* Task goal:
Without the pictures, write out all the lines below exactly as they appear.

* Available records:

★ ★ ★ ★ ★ ★ ★

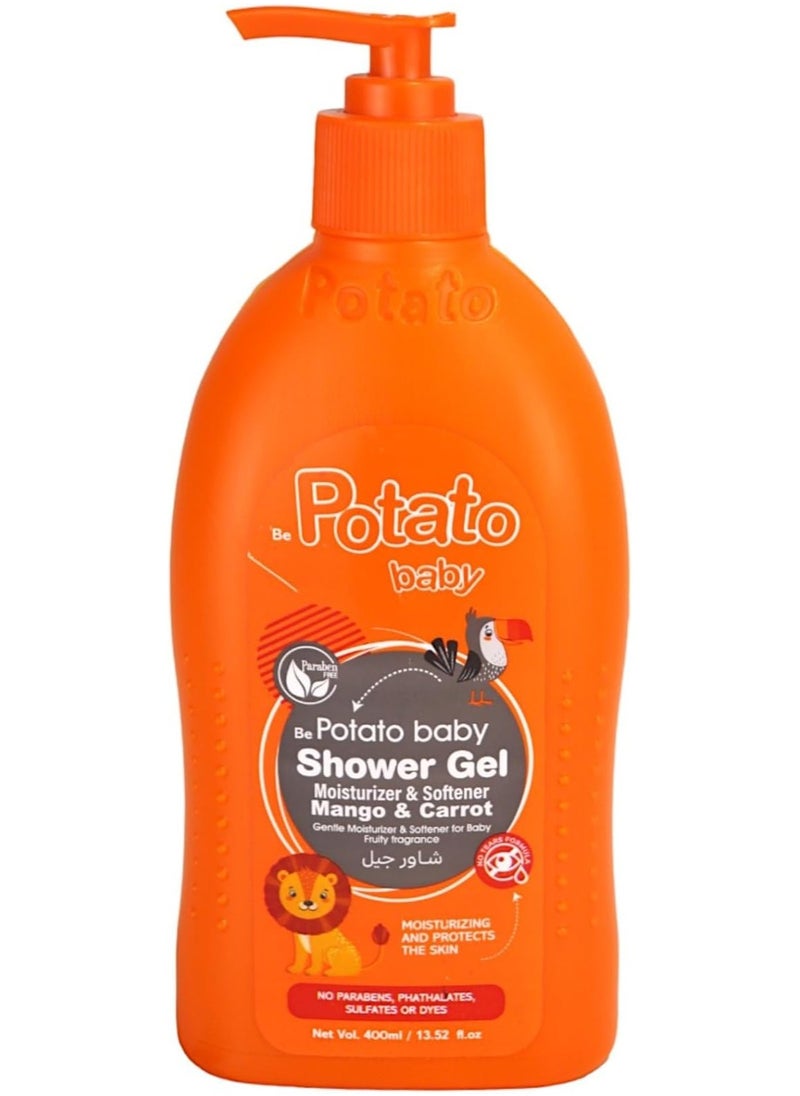 Potato - Potato Baby Shower Gel With Mango & Carrot Scent 400 ml - Image 1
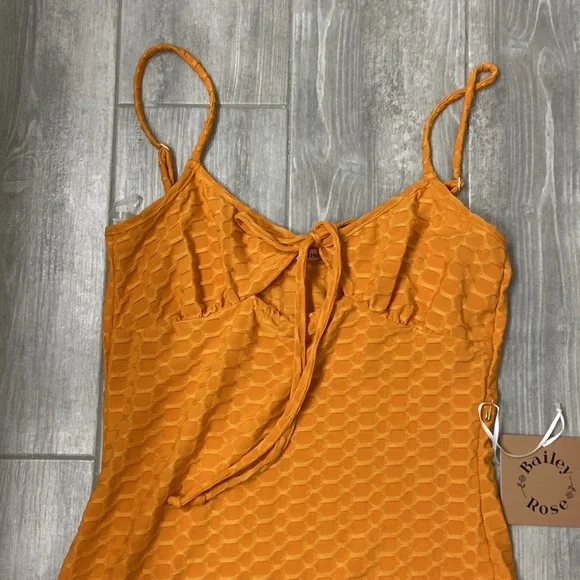 NWT!!! Bailey Rose cutout/textured, long slip dress - Picture 3 of 12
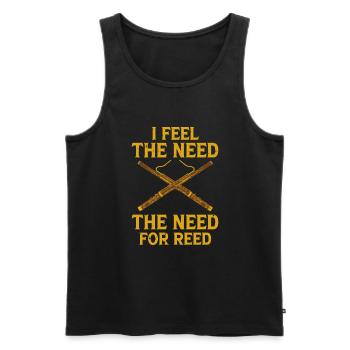 Bassoon Player Bassoonist - Männer Premium Bio Tank Top - Schwarz - Vorne - AI Model Male 178 light (178cm)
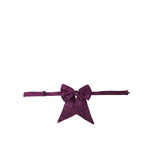 Dolce & Gabbana Purple Ribbon Silk Adjustable Neck Men Bow Tie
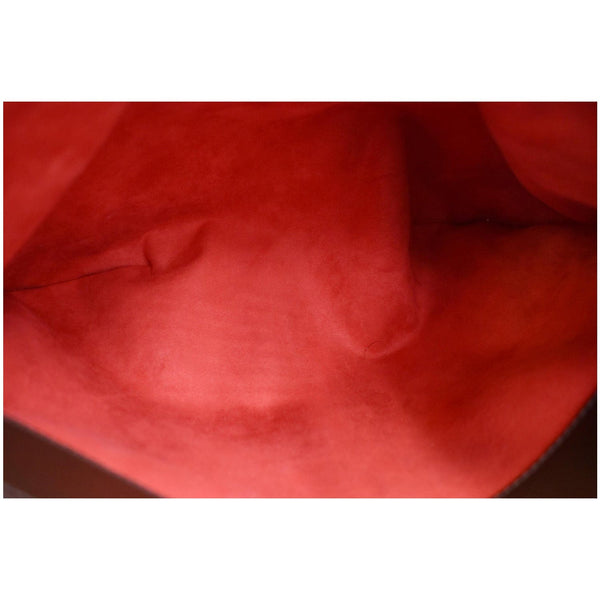 LOUIS VUITTON Sistina GM Damier Ebene Shoulder Bag Brown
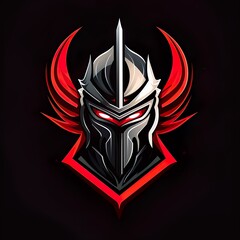 vector design gaming esport mascot logo of spartan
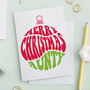 Merry Christmas Aunt Auntie Aunty Card, thumbnail 2 of 3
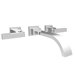 Secant Wall Mounted Bathroom Faucet with Double Handles
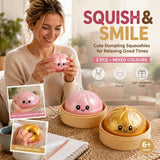 Stress Relief Duo Glitter Pink & Glitter Gold Bun Squishy 2 Pack, Bright Holiday Pair In Australia - Darrahopens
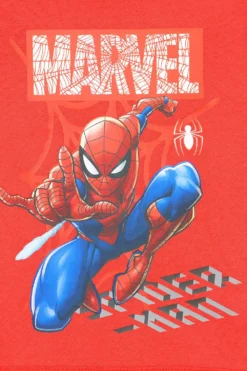 Official Boys Marvel Spiderman Long Pyjamas Red And Black -All Ages Fashion PJF220705 22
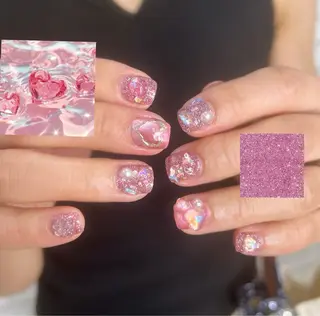 ショート Atelier  nail所属・︎ ユイナのネイルデザイン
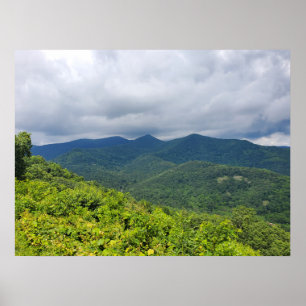 Affiche Nuages de la promenade Blue Ridge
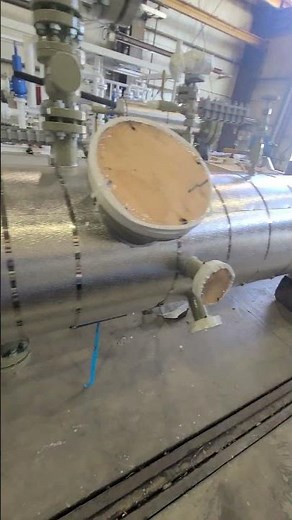 Tank insulation and cladding for Gas sepreator
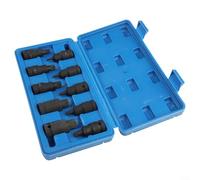 Lot de 10 adaptateurs de douilles 1/2" | Acier au chrome vanadium 12 points pour hocs Tête convertisseur d'embout pour boulons M4-M18 | Noir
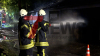 Feuerschein bereits auf der Anfahrt zu sehen - Unter anderem Hackschnitzelheizung mit Hackschnitzelbunker untergebracht - Brand relativ schnell unter Kontrolle, aber trotzdem hoher Sachschaden - Gebäude brennt komplett aus - Feuerwehr lange mit Nachlöscharbeiten beschäftigt: 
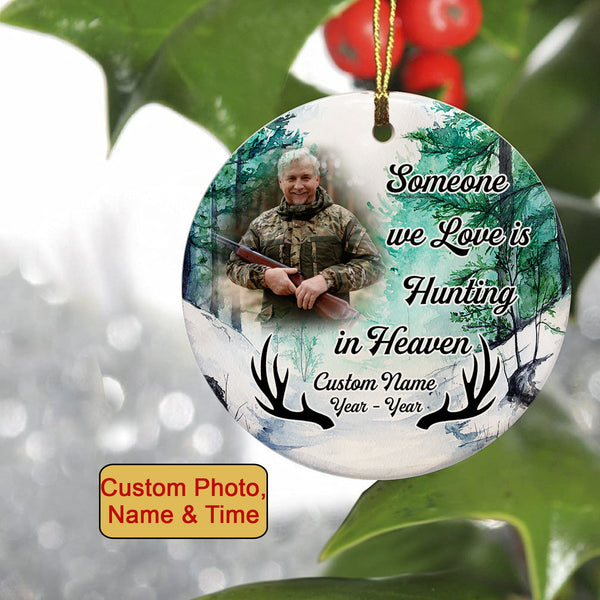 Gone Hunting In Heaven Ornament Personalized My Angel Dad Christmas Memorial Gift For Loss Of Father ODT84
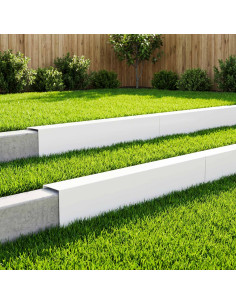 Profilo di copertura per giardino 10 pz 100 x 15 x 15 cm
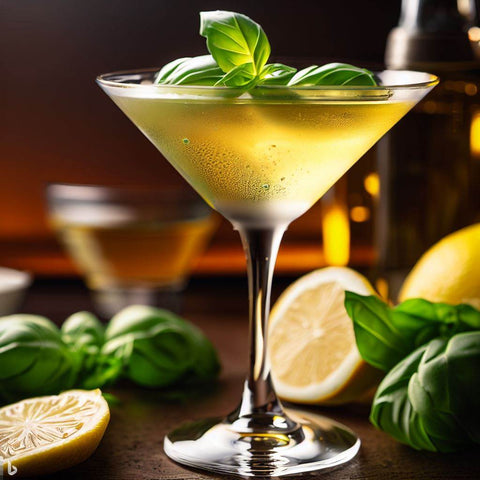 olive oil lemon basil martini recipe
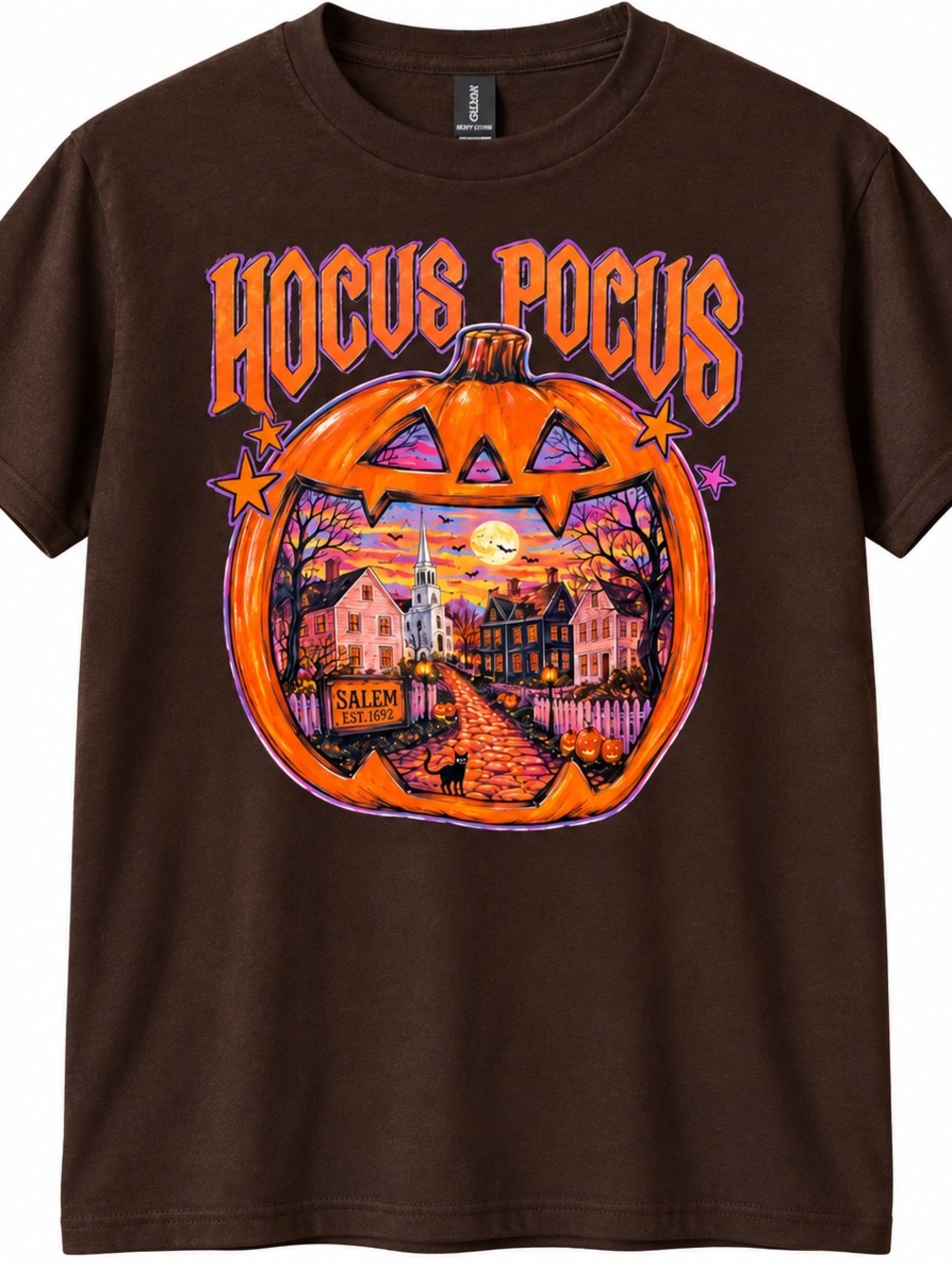 Adult 2XL NWOT Hocus Pocus Pumpkin Graphic Tee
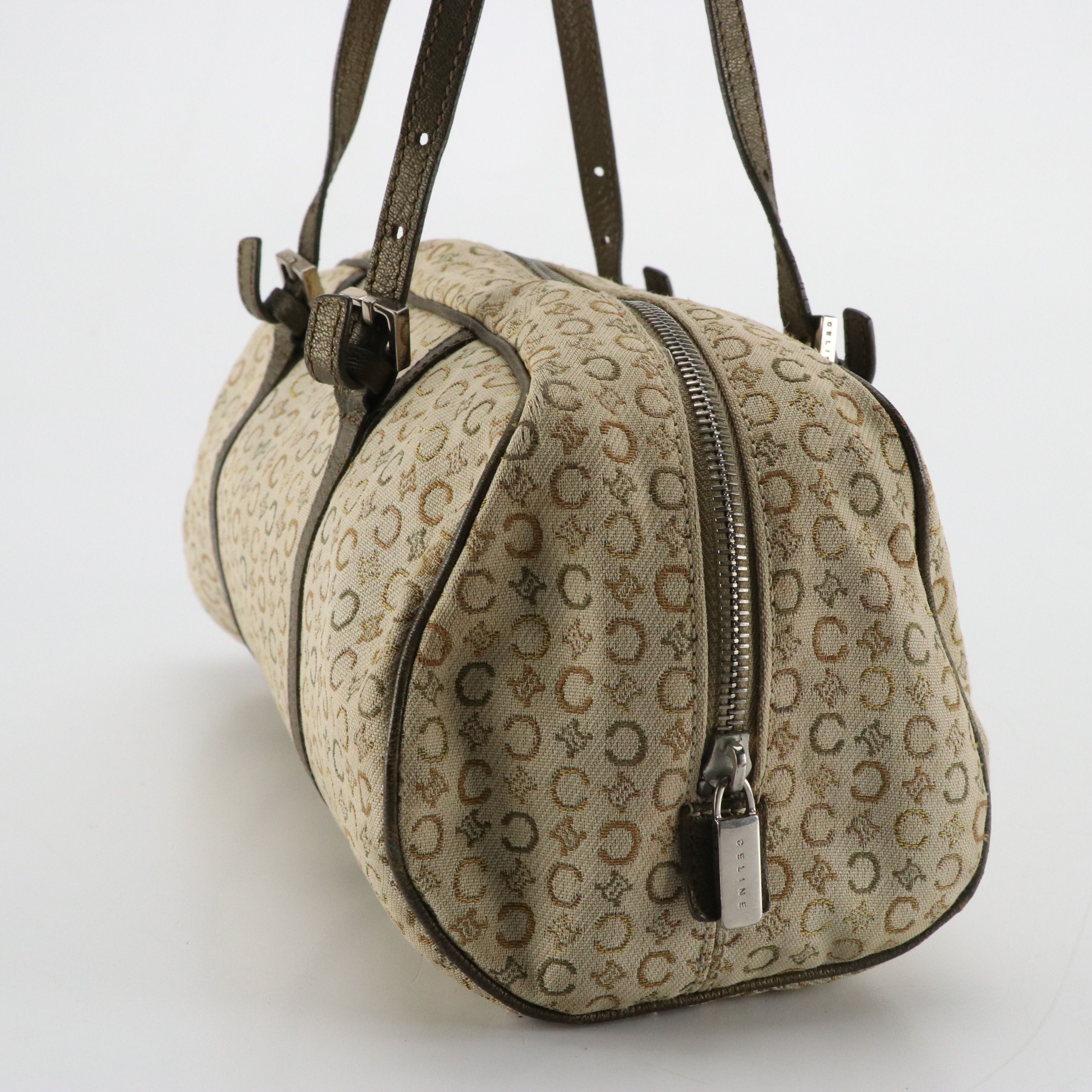 Celine Mini Boston Bag in Monogram Canvas and Leather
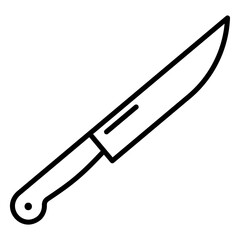 Kitchen knife icon for slicing food ingredients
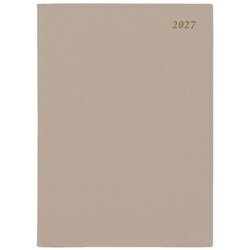 Cumberland A5 Soho Diary Week to View 2027 Sandstone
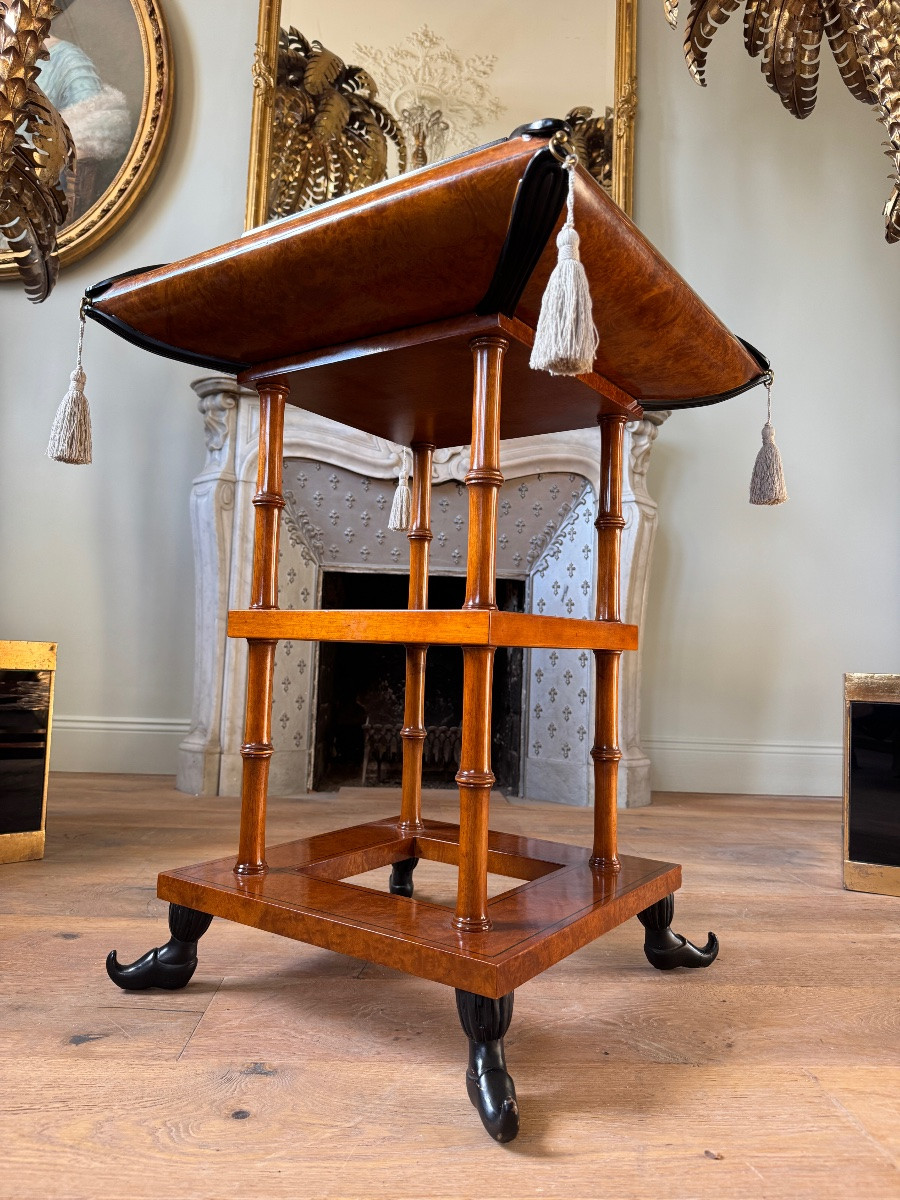 Table à ouvrage / travailleuse dans le gout d’Alphonse Giroux - début XXe -photo-6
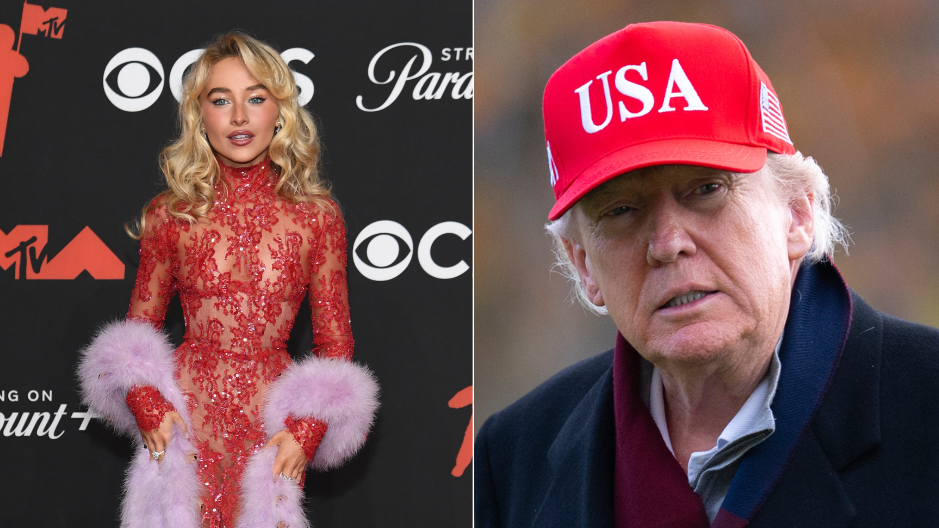Sabrina Carpenter, left, is speaking out against the White House for using one of her songs in a video without permission.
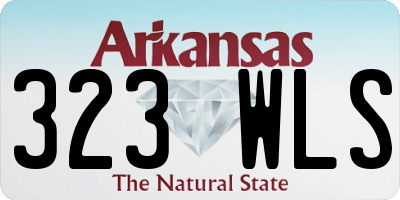 AR license plate 323WLS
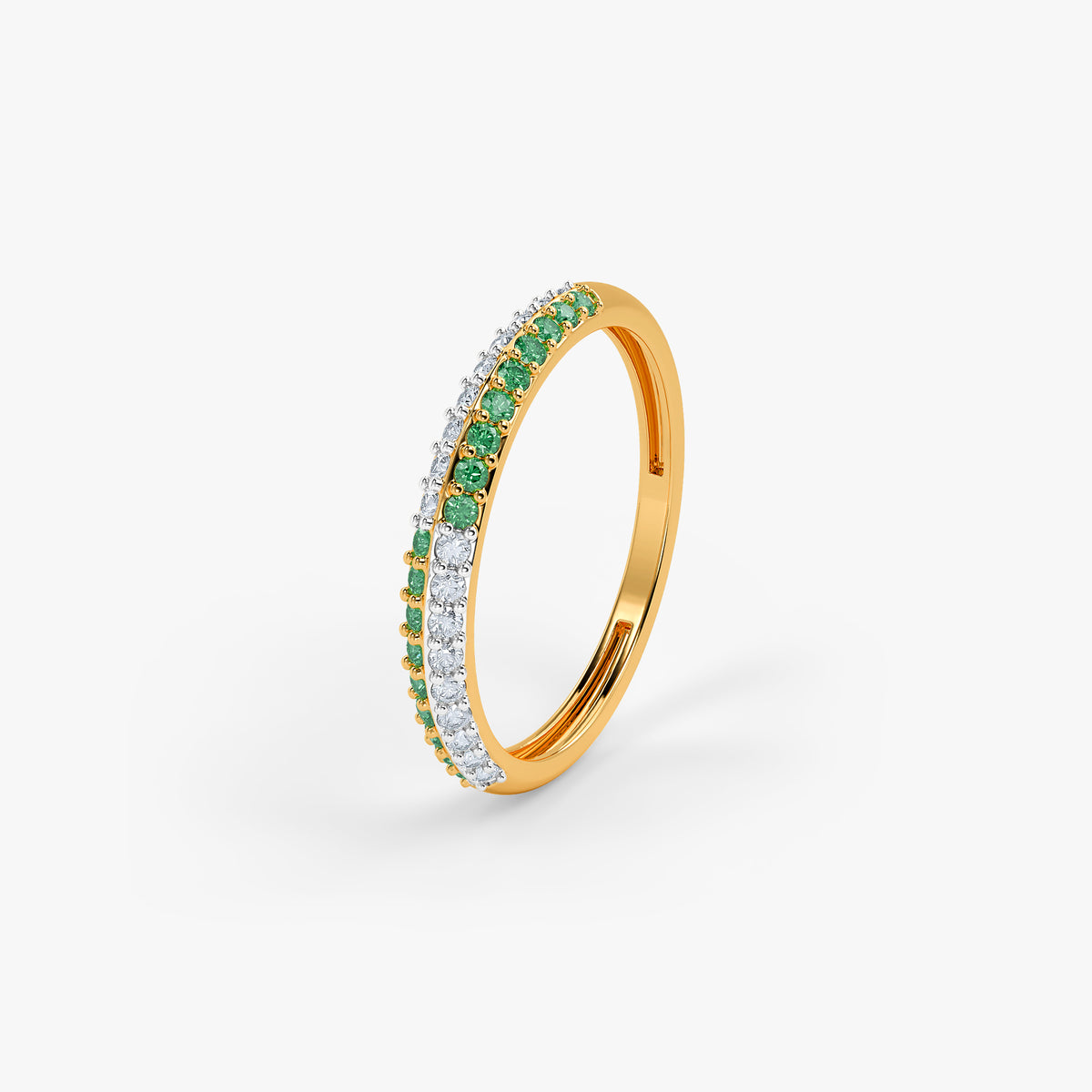 Gold Gulzarina Lab Grown Diamond Ring (Size 12)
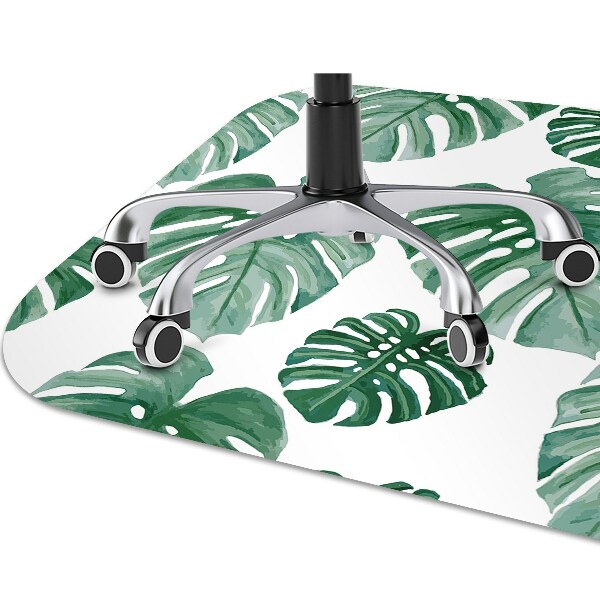 Tapis de chaise de bureau Les feuilles de Monstera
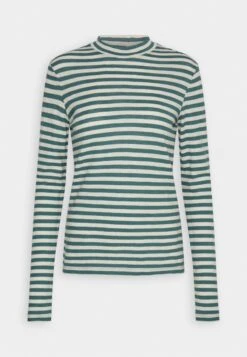 Marc O'Polo HIGH NECK LONG SLEEVE - Langarmshirt - Multi/lake Green -Marc OPolo Geschaft 5798367809c841189d3855c05a49ec73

★ ★ ★ ★ ★ ★ ★

* Your response:
 Potato - Potato Baby Shower Gel With Mango & Carrot Scent 400 ml - Image 1
 NWT!!! Bailey Rose cutout/textured, long slip dress - Picture 3 of 12
 Bassoon Player Bassoonist - Männer Premium Bio Tank Top - Schwarz - Vorne - AI Model Male 178 light (178cm)
 Dolce & Gabbana Purple Ribbon Silk Adjustable Neck Men Bow Tie
 LOUIS VUITTON Sistina GM Damier Ebene Shoulder Bag Brown
 vector design gaming esport mascot logo of spartan
 Merry Christmas Aunt Auntie Aunty Card, thumbnail 2 of 3
 Secant Wall Mounted Bathroom Faucet with Double Handles
 Stress Relief Duo Glitter Pink & Glitter Gold Bun Squishy 2 Pack, Bright Holiday Pair In Australia - Darrahopens
 Official Boys Marvel Spiderman Long Pyjamas Red And Black -All Ages Fashion PJF220705 22
 ショート Atelier  nail所属・︎ ユイナのネイルデザイン
 Affiche Nuages de la promenade Blue Ridge
 Tank insulation and cladding for Gas sepreator
 Lot de 10 adaptateurs de douilles 1/2" | Acier au chrome vanadium 12 points pour hocs Tête convertisseur d'embout pour boulons M4-M18 | Noir
 Feuerschein bereits auf der Anfahrt zu sehen - Unter anderem Hackschnitzelheizung mit Hackschnitzelbunker untergebracht - Brand relativ schnell unter Kontrolle, aber trotzdem hoher Sachschaden - Gebäude brennt komplett aus - Feuerwehr lange mit Nachlöscharbeiten beschäftigt: 
 Gone Hunting In Heaven Ornament Personalized My Angel Dad Christmas Memorial Gift For Loss Of Father ODT84
 Profilo di copertura per giardino 10 pz 100 x 15 x 15 cm
 olive oil lemon basil martini recipe
 Adult 2XL NWOT Hocus Pocus Pumpkin Graphic Tee
 Celine Mini Boston Bag in Monogram Canvas and Leather
 Kitchen knife icon for slicing food ingredients
 Cumberland A5 Soho Diary Week to View 2027 Sandstone
 Table à ouvrage / travailleuse dans le gout d’Alphonse Giroux - début XXe -photo-6
Sabrina Carpenter, left, is speaking out against the White House for using one of her songs in a video without permission.
 AR license plate 323WLS
 Gold Gulzarina Lab Grown Diamond Ring (Size 12)
 Tapis de chaise de bureau Les feuilles de Monstera
 Marc O'Polo HIGH NECK LONG SLEEVE - Langarmshirt - Multi/lake Green -Marc OPolo Geschaft 5798367809c841189d3855c05a49ec73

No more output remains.